Interview: Queens of the Stone Age’s Mikey Shoes talks Villains & the hunt for an individual creative authenticity

Only weeks ago, Queens of the Stone Age marked their return to Australian shores with a blistering run of shows that saw the Americans begin to introduce fans to their new album Villains, due for release this Friday.

A few hours before their final show in Melbourne took place, I was ushered into artist catering, where bass player Michael Shuman was waiting, following their soundcheck. The band’s Splendour in the Grass appearance was still ahead of them but as Mikey Shoes mentions from the jump, being back in Australia on a headline tip was a ride and a half.

“Because last time was with Nine Inch Nails,” he remembers. “It’s [been] nice to do our own shows [here] and play to just our fans. To be able to play longer, more songs and to play deeper cuts we might not get to play all the time.”

Kicking off their Australian return in Darwin, Shuman reflects on the band’s first trip to the NT.

“It felt like going to a small town in the States; they might not get a lot of music and because of that, they’re so appreciative. You can really feel that. Ultimately, it makes for a better show for us. It was really down to earth and those guys, the Lonely Boys, it was great meeting them. It was a great experience to see that dynamic. We loved seeing it develop.”
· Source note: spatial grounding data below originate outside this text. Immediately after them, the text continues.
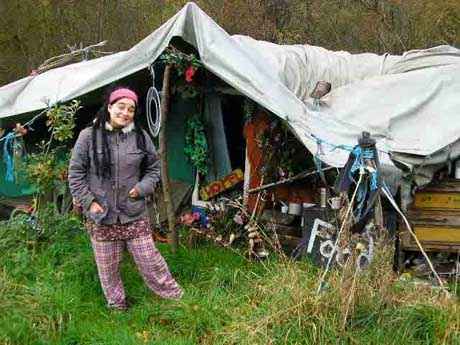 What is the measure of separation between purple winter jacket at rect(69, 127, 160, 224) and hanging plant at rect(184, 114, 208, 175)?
2448mm

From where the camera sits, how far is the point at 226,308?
177 inches

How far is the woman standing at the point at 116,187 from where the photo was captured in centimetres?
464

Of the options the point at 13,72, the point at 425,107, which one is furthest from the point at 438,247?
the point at 13,72

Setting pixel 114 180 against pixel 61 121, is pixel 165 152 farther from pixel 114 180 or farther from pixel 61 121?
pixel 114 180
“When we met them they were like, ‘We’re so excited; we’ve never played on a stage like this’. That was so exciting because I know what it was like the first time I played on a big stage; it means a lot. You have other bands who have an ego or think they are whoever they are or whatever. It doesn’t matter how big the band is, it’s about being a good human being and they were really kind, nice people.”

Their east coast shows saw Queens of the Stone Age join forces with Melbourne’s own, Ecca Vandal, another artist Shuman praises for her individuality and striking music.
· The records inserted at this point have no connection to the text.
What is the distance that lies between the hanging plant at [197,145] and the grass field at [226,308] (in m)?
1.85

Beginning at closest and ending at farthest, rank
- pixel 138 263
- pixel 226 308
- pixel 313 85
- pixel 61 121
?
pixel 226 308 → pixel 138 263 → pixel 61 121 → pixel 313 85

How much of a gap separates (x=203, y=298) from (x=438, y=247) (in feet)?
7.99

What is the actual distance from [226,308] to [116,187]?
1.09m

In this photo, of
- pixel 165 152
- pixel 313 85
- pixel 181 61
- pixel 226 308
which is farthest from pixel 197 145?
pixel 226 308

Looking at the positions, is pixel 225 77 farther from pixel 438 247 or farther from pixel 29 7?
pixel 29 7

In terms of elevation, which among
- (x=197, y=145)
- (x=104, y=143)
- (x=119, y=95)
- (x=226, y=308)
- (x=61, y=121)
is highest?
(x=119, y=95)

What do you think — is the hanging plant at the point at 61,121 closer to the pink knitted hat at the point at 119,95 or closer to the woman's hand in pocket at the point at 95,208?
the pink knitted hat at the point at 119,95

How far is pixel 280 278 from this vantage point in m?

“We were sent a bunch of bands but, no offence to any of those bands, a lot of those bands sounded the same. They were what you would have expected to get. I listened to Ecca and I was like, ‘Holy shit’. You could just tell. It was something new; she liked hip hop but she also obviously comes from a punk rock background. That’s what you want; you want someone who sounds like no one else. That’s why I was excited for both those artists.”
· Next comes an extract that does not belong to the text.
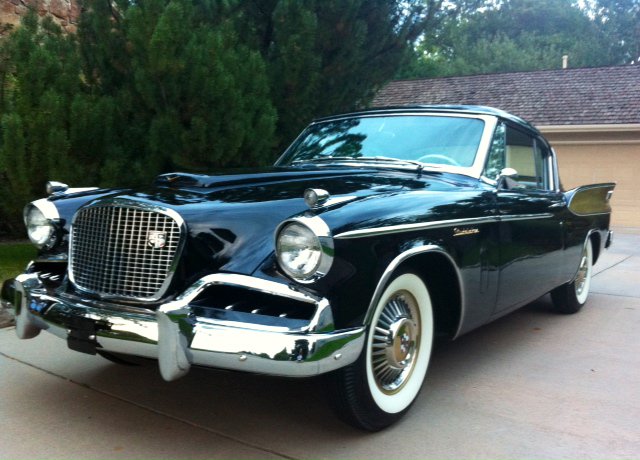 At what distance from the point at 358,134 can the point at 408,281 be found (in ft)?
5.56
With the release of Villains on the near horizon, Shuman has noted the response singles taken from Queens’ seventh album so far have brought in a more diverse crowd at recent live shows.

“Our audiences have always been pretty dynamic, where it’s young to old, metal dudes and hippie dudes, all kinds of people. We’ve noticed with Like Clockwork, there’s been more kids. Younger kids. Even with this record, I feel that the younger generation is understanding it more maybe, where they didn’t before. Maybe the other records didn’t connect as well as these records are. It’s great. That’s the only way you can expand. We just want to keep building and growing.”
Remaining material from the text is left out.